Bei der Einmündung auf den Highway tanke ich noch einmal. Ich bin hier im Indianergebiet, daher frage ich diesmal nicht nach Bier. Ein alter Indianer mit seinem alten Pickup hält neben mir an der Tankstelle: „Pretty cold, he?“ „It looks like so.“ Er lacht.
Dann kommt der Highway nach Page. Es wird dunkler und ist schliesslich finster und kalt. Diesmal habe ich mich rechtzeitig warm angezogen. Die Kälte macht mir heute nichts aus. In Page angekommen besorge ich mir nur noch ein Picknick zum Abendessen. Ich will bloss noch eine warme Dusche, etwas picken und dann ab unter die Decke. Page liegt übrigens nicht mehr im Indianergebiet. Hier kriege ich mein Feierabendbier.
Lieber Martin
Der Grand Canyon beeindruckt mich auch nur durch deine wunderbaren Bilder. Ich bin sehr berührt wie persönlich und intensiv dein Reisebericht ist und wünsche dir, dass du dir alle Eindrücke und Erlebnisse im wahrsten Sinne des Wortes “einverleiben” kannst.

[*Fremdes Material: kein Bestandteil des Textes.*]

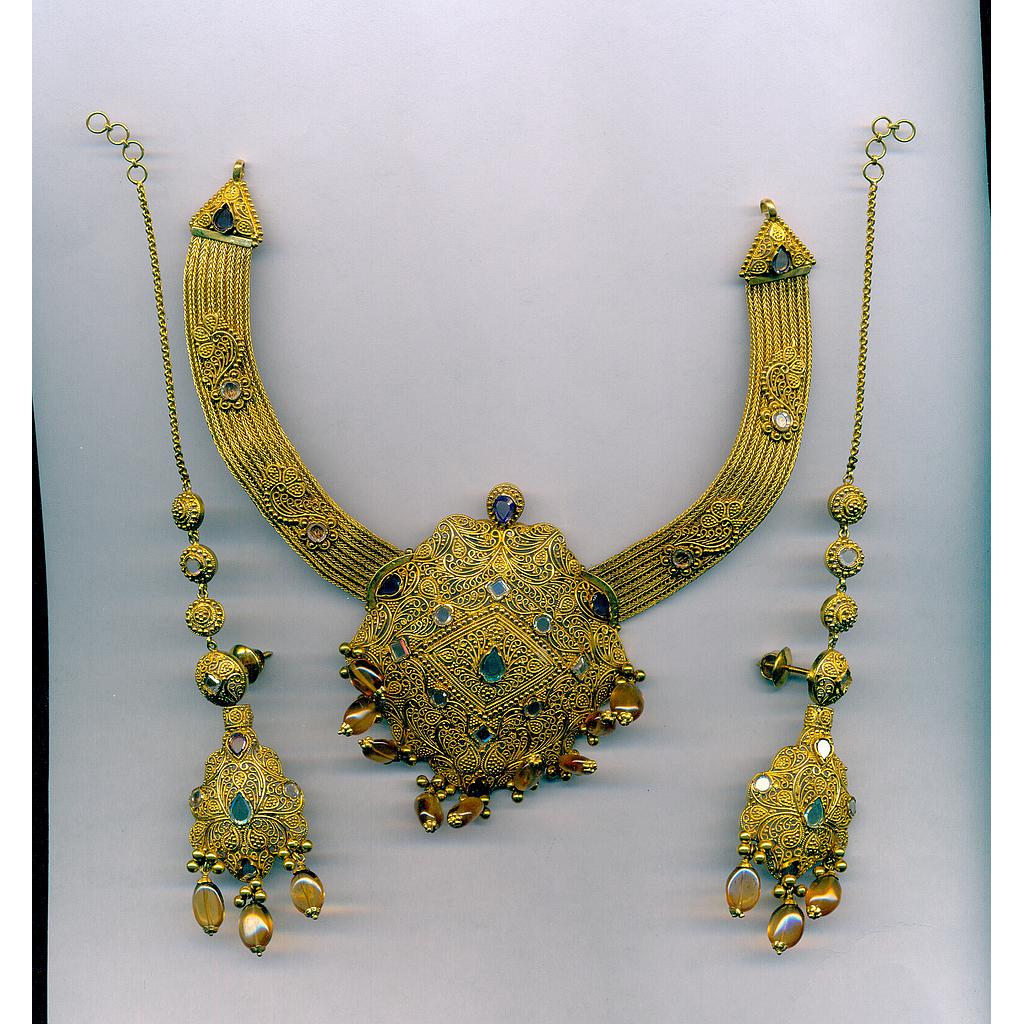 GOLD HALF SET ROUND ANTIQUE EXCLUSIVE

Ich habe im Gegenzug eine wunderbare Woche mit deiner Herzdame in Marocco verbracht und bin gestärkt nach Hause gekehrt.
Herzlich Astride
Vielen Dank für deinen liebevollen Kommentar, Astride!
Herzliche Grüsse
Martin
Lieber Martin
Da habe ich also den Chorgesang angehört und dabei deine eindrücklichen Bilder angeschaut. Obwohl einige tausend Kilometer weit weg von dem Canyon, bin ich in die Bilder und den Chorgesang tief versunken. Da hat jemand wirklich einen sehr guten Job gemacht…und er sah, dass es gut war. Danke für die Bilder und den Ton.